WHAT TO DO: The data needs to be returned in full, exactly as it reads.

[Collected data]
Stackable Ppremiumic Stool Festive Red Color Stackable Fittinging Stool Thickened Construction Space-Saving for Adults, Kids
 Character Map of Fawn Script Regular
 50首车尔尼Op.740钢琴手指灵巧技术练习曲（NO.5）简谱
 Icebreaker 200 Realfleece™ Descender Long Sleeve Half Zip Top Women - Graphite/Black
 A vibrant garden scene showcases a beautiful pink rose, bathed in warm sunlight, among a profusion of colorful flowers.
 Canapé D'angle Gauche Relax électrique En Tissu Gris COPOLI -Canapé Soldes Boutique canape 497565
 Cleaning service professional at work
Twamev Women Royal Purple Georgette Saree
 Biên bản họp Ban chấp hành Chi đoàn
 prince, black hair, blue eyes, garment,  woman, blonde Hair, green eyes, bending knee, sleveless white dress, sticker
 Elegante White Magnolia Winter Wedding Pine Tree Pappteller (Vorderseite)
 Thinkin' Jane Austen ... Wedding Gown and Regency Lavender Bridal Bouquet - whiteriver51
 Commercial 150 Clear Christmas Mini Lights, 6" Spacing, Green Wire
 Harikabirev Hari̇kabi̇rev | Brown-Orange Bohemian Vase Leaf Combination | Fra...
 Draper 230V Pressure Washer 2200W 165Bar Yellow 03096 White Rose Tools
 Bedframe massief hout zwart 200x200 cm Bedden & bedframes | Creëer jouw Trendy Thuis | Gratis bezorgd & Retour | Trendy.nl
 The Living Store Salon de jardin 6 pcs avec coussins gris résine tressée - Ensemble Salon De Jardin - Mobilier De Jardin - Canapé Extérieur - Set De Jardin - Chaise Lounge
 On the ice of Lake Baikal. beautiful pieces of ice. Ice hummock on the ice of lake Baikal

WRITTEN RESPONSE:
Stackable Ppremiumic Stool Festive Red Color Stackable Fittinging Stool Thickened Construction Space-Saving for Adults, Kids
 Character Map of Fawn Script Regular
 50首车尔尼Op.740钢琴手指灵巧技术练习曲（NO.5）简谱
 Icebreaker 200 Realfleece™ Descender Long Sleeve Half Zip Top Women - Graphite/Black
 A vibrant garden scene showcases a beautiful pink rose, bathed in warm sunlight, among a profusion of colorful flowers.
 Canapé D'angle Gauche Relax électrique En Tissu Gris COPOLI -Canapé Soldes Boutique canape 497565
 Cleaning service professional at work
Twamev Women Royal Purple Georgette Saree
 Biên bản họp Ban chấp hành Chi đoàn
 prince, black hair, blue eyes, garment,  woman, blonde Hair, green eyes, bending knee, sleveless white dress, sticker
 Elegante White Magnolia Winter Wedding Pine Tree Pappteller (Vorderseite)
 Thinkin' Jane Austen ... Wedding Gown and Regency Lavender Bridal Bouquet - whiteriver51
 Commercial 150 Clear Christmas Mini Lights, 6" Spacing, Green Wire
 Harikabirev Hari̇kabi̇rev | Brown-Orange Bohemian Vase Leaf Combination | Fra...
 Draper 230V Pressure Washer 2200W 165Bar Yellow 03096 White Rose Tools
 Bedframe massief hout zwart 200x200 cm Bedden & bedframes | Creëer jouw Trendy Thuis | Gratis bezorgd & Retour | Trendy.nl
 The Living Store Salon de jardin 6 pcs avec coussins gris résine tressée - Ensemble Salon De Jardin - Mobilier De Jardin - Canapé Extérieur - Set De Jardin - Chaise Lounge
 On the ice of Lake Baikal. beautiful pieces of ice. Ice hummock on the ice of lake Baikal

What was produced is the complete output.